The important question now is how governments can improve the health inequalities in developing countries. First, the government has to provide basic social services to its citizens, acknowledging the fact that gross health inequalities exist. Every government should realize that access to health care is a basic human right. They have to assume a “duty of care” to the poor and realize that those who need health care the most are the majority who live below the poverty line. If the state recognizes glaring inadequacies in its health care system and infrastructure, it can take steps to provide better facilities and services, especially for poor rural populations. Perhaps greater financial rewards will be needed as incentives for health care workers to attend to people in rural areas, where their skills are needed most. In addition, the standards of health care provision need to be standardized in urban and rural areas. This is a separate issue but is inextricably linked to the proper training of medical professionals and health care workers.Additionally, it is not enough to tackle the issue of the health care system by itself, since it is related to problems in social awareness, adequate sanitation and patient education — issues that also need to be urgently addressed. Further, citizens have to acknowledge that they have a social responsibility toward one another. In essence, this is the notion that allows the NHS to survive despite its many inadequacies: The highest earners pay the highest tax and thus assist in the provision of basic needs for all.

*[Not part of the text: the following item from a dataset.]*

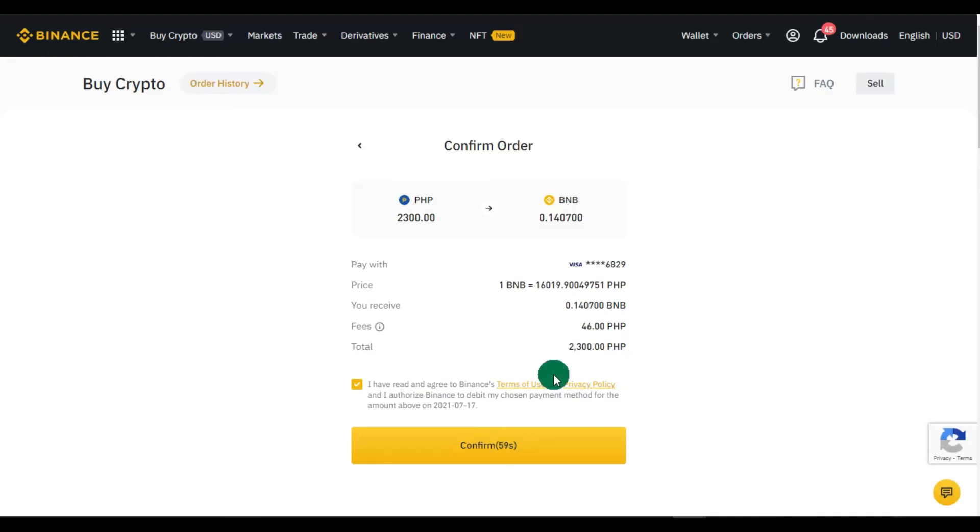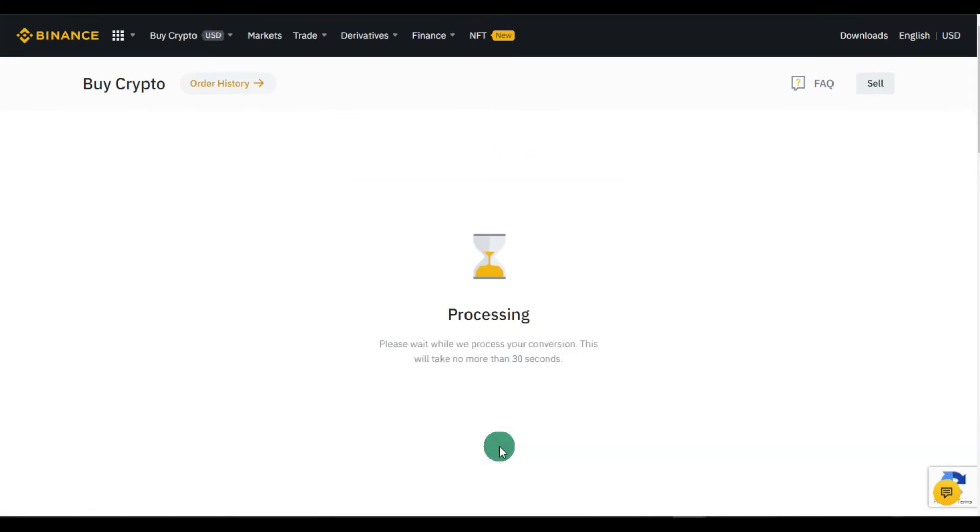We are almost done, see, it's a piece of cake. After a few moments, your crypto is ready at your spot wallet. For me, I will not go into the hassle of conversions or even engage into P2P trading when there is an easy way like this.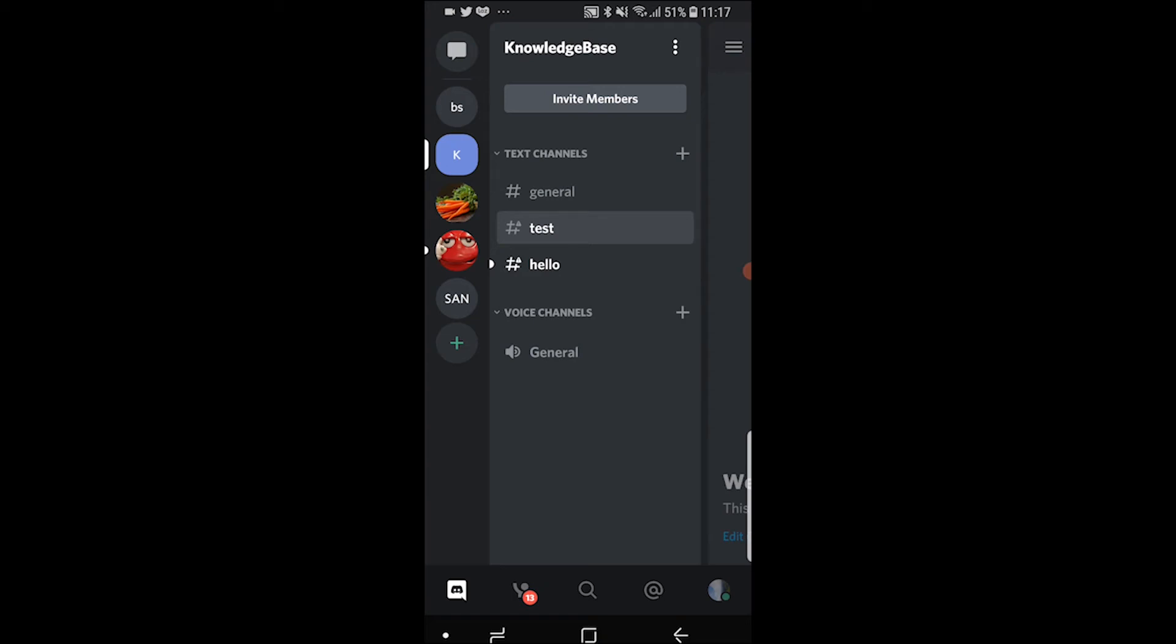In this video, I'm going to show you how you can log out of Discord across all devices on your phone.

Developing countries could adopt progressive taxation, wherein the rich share their largesse to help the poor indirectly, such as through health care. Increased social responsibility has been the mantra of many nongovernmental organizations and charitable institutions. That mentality must seep into the psyche of officials and citizens in developing nations as well.
There needs to be an increase in public-private partnerships, such as a government privatizing certain sectors so that services can be improved. In the hands of the private sector, but with regulation from the government, health services can be officially dispensed. As an example, local governments in third world nations could allocate some funding to a pharmaceutical company, which would then be responsible for providing vaccinations in an area, with the help of state hospitals.
India is diverse, multicultural, overpopulated and undergoing rapid unequal economic growth. The socioeconomic differences in its population are bound to present challenges to its health care system. As its population and economic prowess grow, it is imperative to ensure that those most in need of basic fundamental rights receive them.
Dr. Samir Pathak is a specialist registrar in general surgery and an associate of Strategic Asia’s European office.